## YOUR TASK
Reproduce the data below in full and to the letter, images excepted.

## Data excerpts

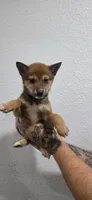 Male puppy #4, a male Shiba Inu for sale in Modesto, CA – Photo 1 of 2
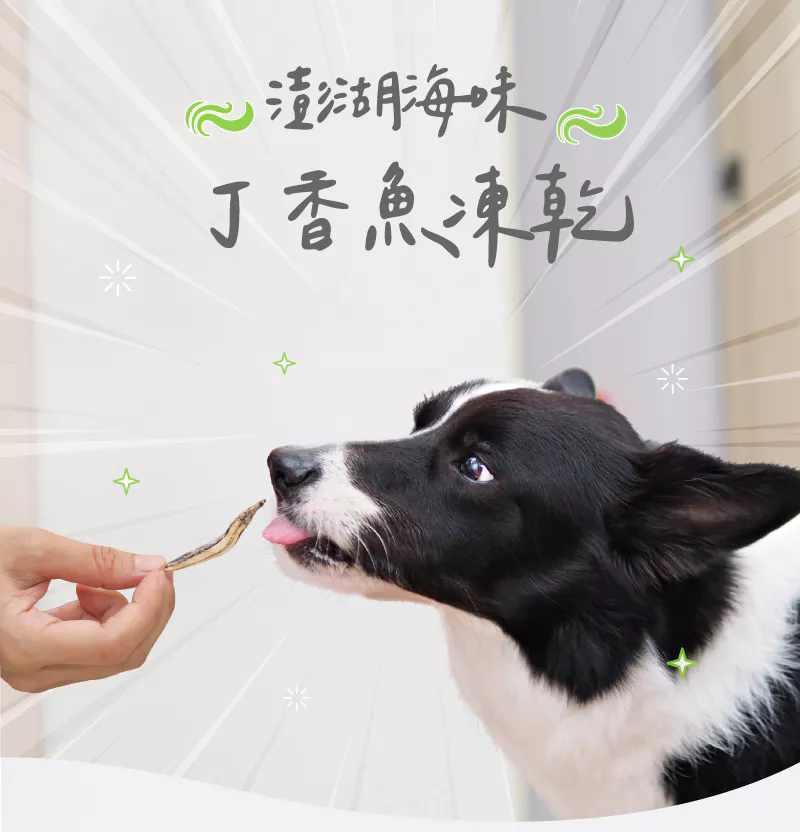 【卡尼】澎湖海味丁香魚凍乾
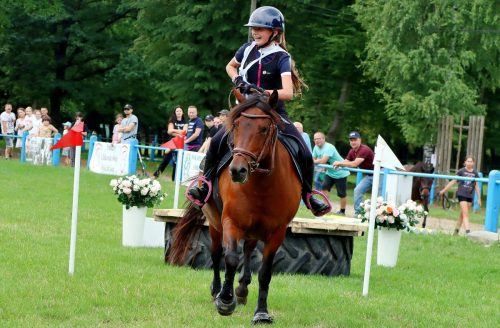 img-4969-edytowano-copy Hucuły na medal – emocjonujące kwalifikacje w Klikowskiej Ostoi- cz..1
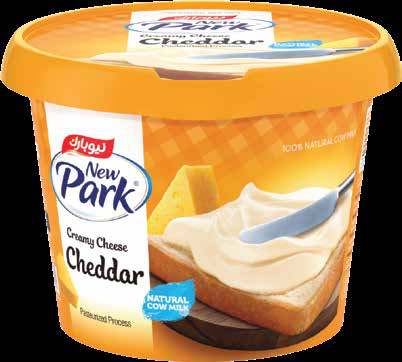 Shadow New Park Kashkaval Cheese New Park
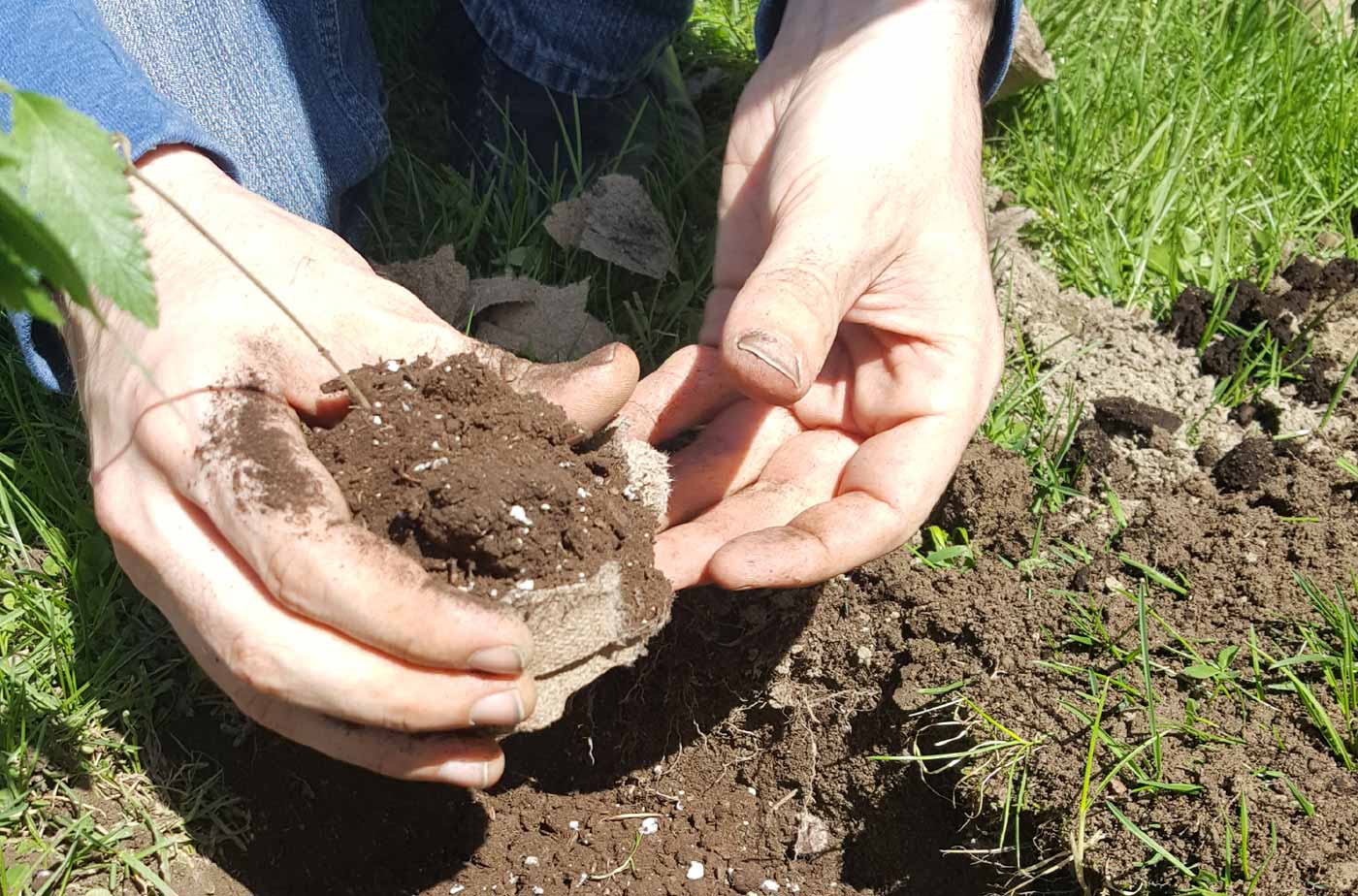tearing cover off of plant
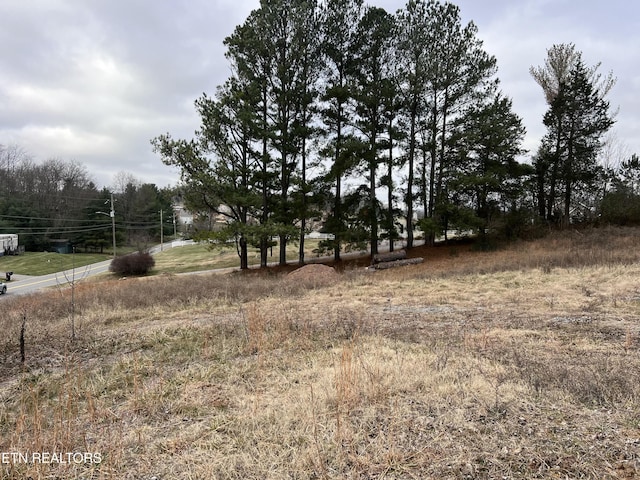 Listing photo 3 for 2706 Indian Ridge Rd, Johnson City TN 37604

## YOUR RESPONSE
 Male puppy #4, a male Shiba Inu for sale in Modesto, CA – Photo 1 of 2
 【卡尼】澎湖海味丁香魚凍乾
 img-4969-edytowano-copy Hucuły na medal – emocjonujące kwalifikacje w Klikowskiej Ostoi- cz..1
 Shadow New Park Kashkaval Cheese New Park
tearing cover off of plant
 Listing photo 3 for 2706 Indian Ridge Rd, Johnson City TN 37604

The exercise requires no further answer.